Lord, would you have destroyed Sodom if I was there?
Abraham argues with God to spare Sodom and Gomorrah, saying he should not destroy the innocent along with the wicked. He asks God if he would destroy the city if fifty innocent people live there, and God says he would not. He asks God if he would destroy it if forty-five innocent people live there, and God says he would not. And so he bargains with God, forty, thirty, twenty, finally settling on ten. Paul always wondered why Abraham does not ask for mercy if even one innocent man or woman lived there.
Paul decides that he must make himself a righteous man to save the world from God’s wrath, but he does not know how. This is a world where the righteous are easily culled.

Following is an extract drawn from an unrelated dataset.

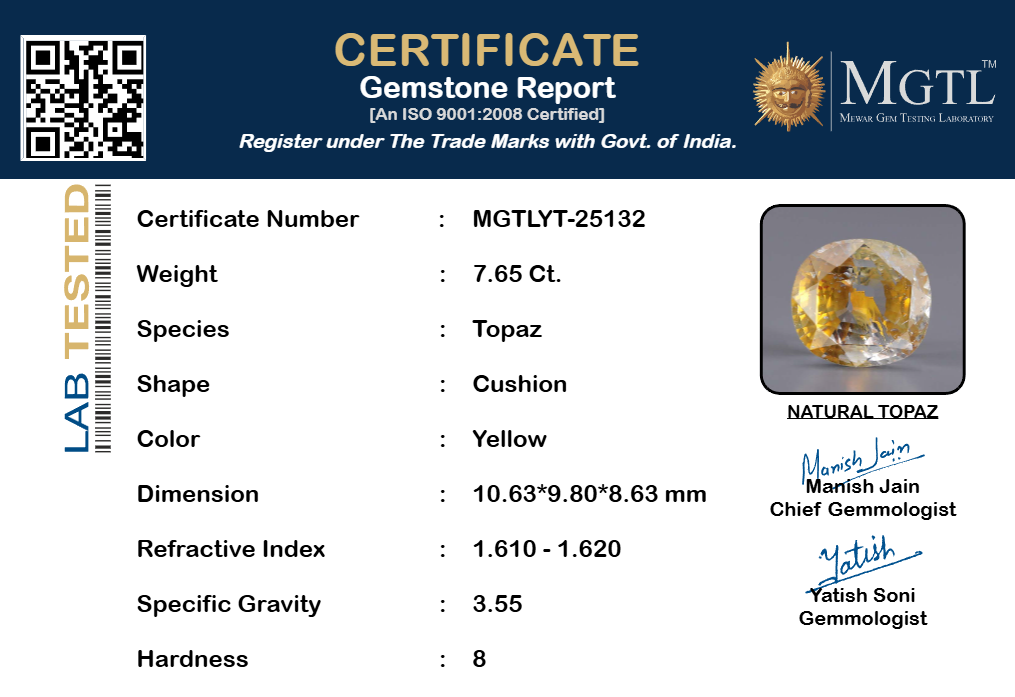 Natural Yellow Topaz - 7.65 Carat Rare Quality YT-25132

He prays for guidance, but again, God does not answer.
♦
“Oh Lord,” Ethan says.
He remembers seeing stories on the news about poor kids from the developing world who were flown to hospitals in the United States to have giant benign tumors removed. The kids were grotesques, carrying twenty to third pounds of flesh on their faces. The tumors were large masses of tissue forming as a result of cancer cells reproducing at an abnormally accelerated rate.
&nbs
p; Ducky has something similar growing out of his hip, but it is not a normal tumor. It is a monkeylike creature curled up into a fetal ball, breathing, apparently asleep. Ethan can see where the driver cut the pants of his uniform to release the constantly growing creature. Now he understands why the soldiers were carrying the driver here, away from the other survivors. They do not want the others to see Ducky like this.
Sarge asks the driver how he is feeling. Ducky’s gaze shifts to Sarge but otherwise his expression does not change.
The gunner shakes his head. “He barely has enough energy to breathe right now,” he says.
Sarge looks at Ethan pointedly. “So. You’re the smart one. What do you think?”
Ethan examines the thing growing out of Ducky’s hip, careful not to touch it. It is like cancer, but more than that: a parasite. He cannot believe his eyes; it appears that the man’s entire body has been completely rewired to give everything it has to the growing creature. The thing has apparently reorganized Ducky’s organs and is pressing on his bladder, making him piss himself nearly continuously, a sickly, foul-smelling pink fluid.
Fascinating, almost miraculous, from a purely scientific standpoint. Horrific, and utterly revolting, from a human standpoint.
“We don’t have much time,” the gunner says.
“Time’s up, doc,” Sarge says. “Can you fix him?”
“I don’t understand what it is exactly you expect me to do here.”
Sarge extends his service knife to Ethan.
“Can you fix him?”
Ethan almost laughs, but stops himself. Sarge is not the kind of guy you laugh in front of when one of his people is dying.
Sarge adds, “I sterilized it. It’s clean. And we got plenty of alcohol and gauze.”
“He can’t survive an amputation.”
“Ducky’s a tough sumbitch.” He smiles weakly at the driver. “We’ll booze you up good, Ducky. You won’t feel a thing.”
“Sarge, I’m sorry about your man,” Ethan says carefully. “But there’s nothing anybody can do.”